*Supplied information*.

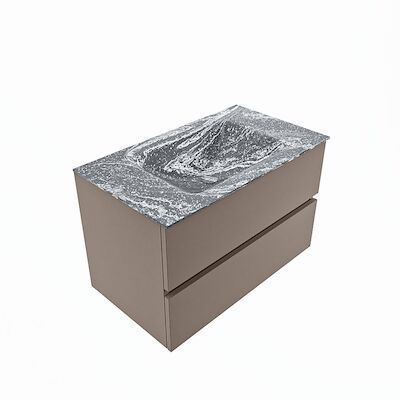 MONDIAZ VICA-DLUX 80cm badmeubel onderkast Smoke 2 lades. Inbouw wastafel CLOUD midden zonder kraangat, kleur Lava, en spiegel model SPOT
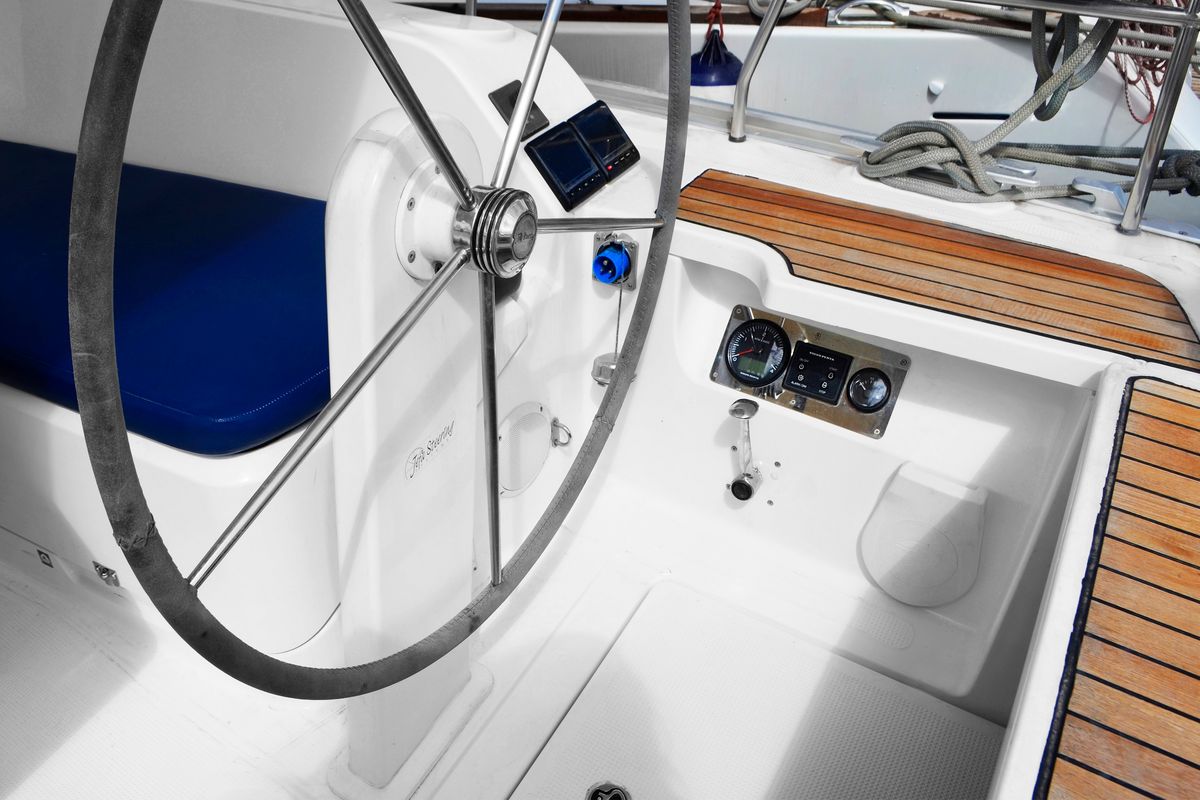 Cockpit of Dioni, a Bavaria Cruiser 41 sailboat at Preveza, Greece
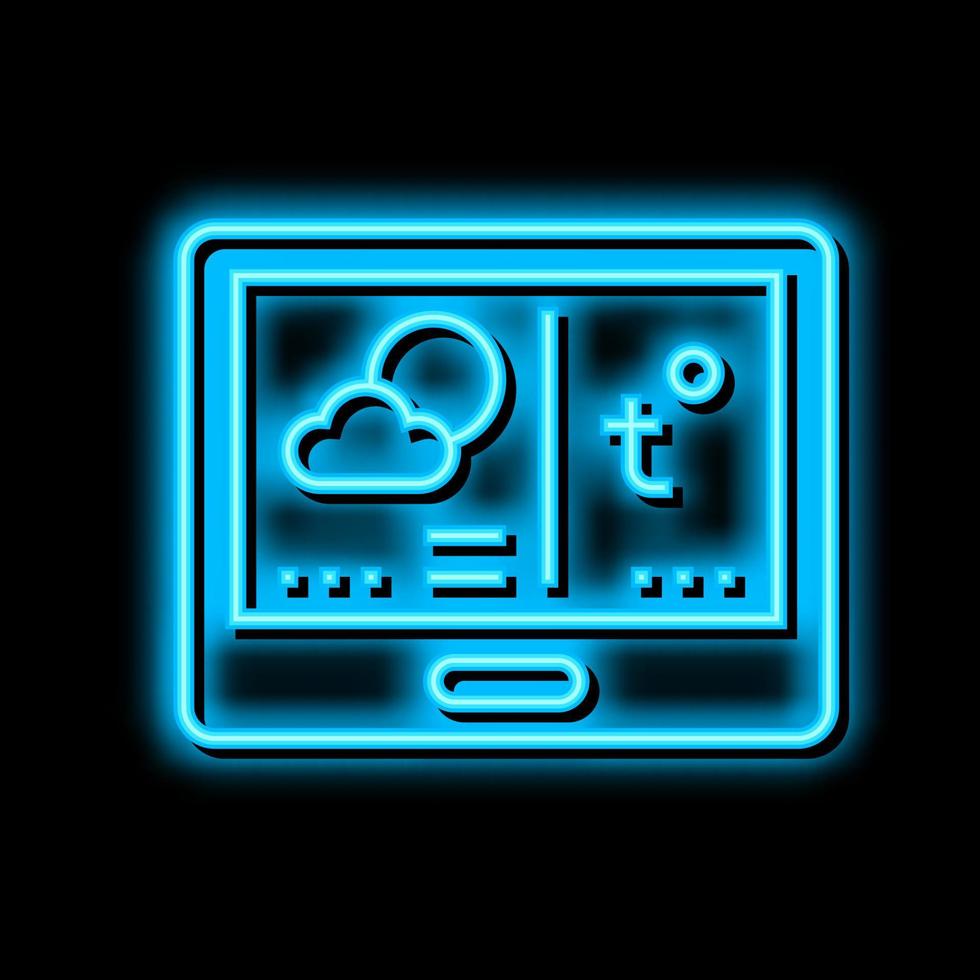 thermostat conditioning system neon glow icon illustration vector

*Problem*. Restate the whole of the material word for word without the pictures.

*Written response*.
 MONDIAZ VICA-DLUX 80cm badmeubel onderkast Smoke 2 lades. Inbouw wastafel CLOUD midden zonder kraangat, kleur Lava, en spiegel model SPOT
 Cockpit of Dioni, a Bavaria Cruiser 41 sailboat at Preveza, Greece
 thermostat conditioning system neon glow icon illustration vector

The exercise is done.